Nele’s track record with men is bleak, so when she goes on a North Sea getaway, the last thing she expects is romance. But that’s what she finds in the beguiling Mathis, a man twenty-five years her senior. Like Nele, Mathis longs to break free from the ordinary. But are their circumstances too complicated to allow a future together? Nele has her doubts—especially after she returns home to find that her ex, a handsome doctor, is back and ready to settle down.
Now Nele faces a choice, between two different men and two very different lives. Which is the path to her future—and her truest self?
WARNING – SPOILERS MAY ENSUE BEYOND THIS POINT – REVIEW BELOW
Did. Not. Finish. I desperately wanted to like this book. I’m a tried and true romance reader at heart, and so when I got a copy of Sea Air by Jule Meeringa, I had decent expectations that I was going to like the story, even if the synopsis wasn’t entirely right up my alley. Let’s be honest, I’m not a huge fan of massive age gaps in couples. It’s not that I’m inherently against age gaps… my own parents were nearly 10 years apart in age… but 25 years is an exceedingly large age gap. That’s like a guy dating someone his daughter’s age.
Unfortunately, I didn’t get far enough into the story to base my dislike of the book on the age gap. You see, Sea Air was originally written in the German language—and I’m sure that written in it’s native language, it is quite well done—but, somewhere in translation the heart of the narrative got lost.
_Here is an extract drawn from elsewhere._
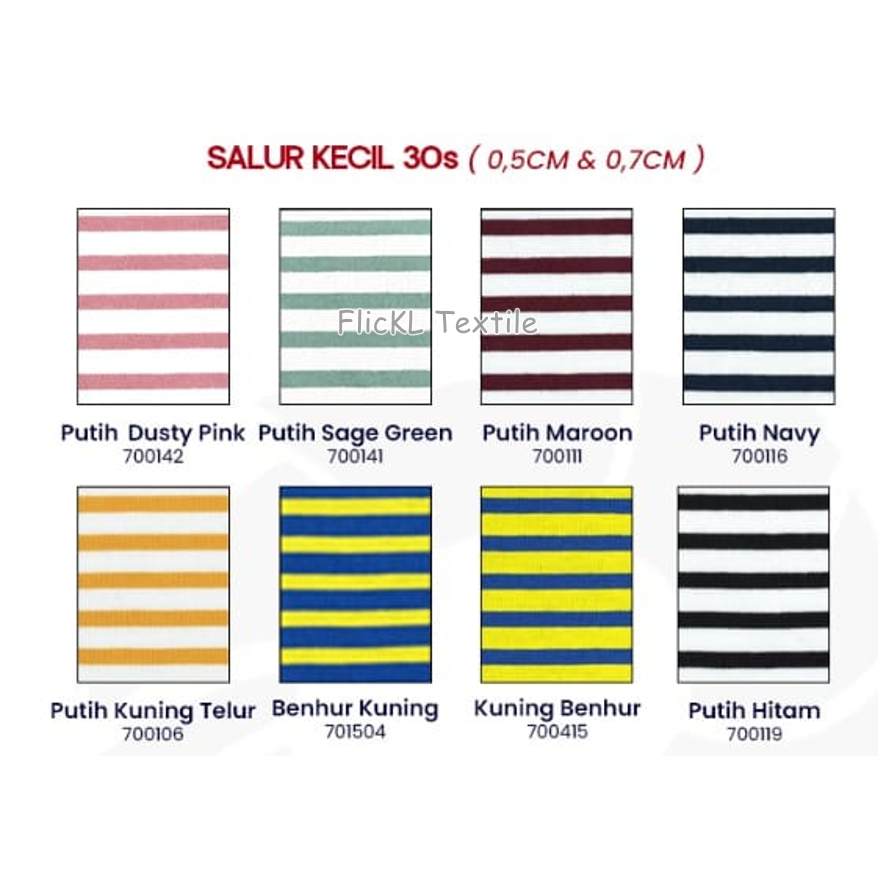 Kain Cvc Salur 30s Bahan Stripe Cvc 24s Salur CVC 30s Stripe Cvc 24s Kaos Salur Baju Salur Kilo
The text is incredibly dry. It lacks the engaging quality that I often search for in books, the quality that makes me want to continue reading. By the end of the first chapter, It was already beginning to drag. It felt as if the life of the character’s narrative had been sucked out and only sentence structure remained. I’ll go ahead and say it—it was boring.
To make matters worse, Nele and Mathis lacked chemistry. Other than the fact that Nele was interested in Mathis’ life story, the first few days she met him didn’t indicate any romance at all. Mathis was a mysterious, quirky, older guy with children, and as he indicated to Nele, a wife. He talked about himself in third-person. Nele was hardly better. She seemed to lack any obvious connection to her own daughter—it was as if they were strangers—and within 24 hours of meeting Mathis, was asking this complete stranger if she could rest her head in his lap. This is the point at which I threw in the towel.
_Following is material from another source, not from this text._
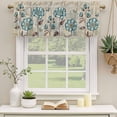 thumbnail image 3 of Blue Tulip Valances for Windows, Decorative Rod Pocket Window Valance Curtains, Vintage Flowers Leaves Butterfly Khaki Rustic Short Curtain Drapes for Kitchen/Living Room, 2 Panels, 60" W x 18" L, 3 of 8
I have a feeling that a lot of what made this book good was lost in translation, and it’s unfortunate. I just couldn’t push myself to read anymore. I wasn’t engaged, and there came a point where I just couldn’t push myself to read any more. There may be someone out there who will like this book more than I did—particularly if you’re from Germany and can maybe pick up on some of the familiar nuances of their social interaction… but it wasn’t for me.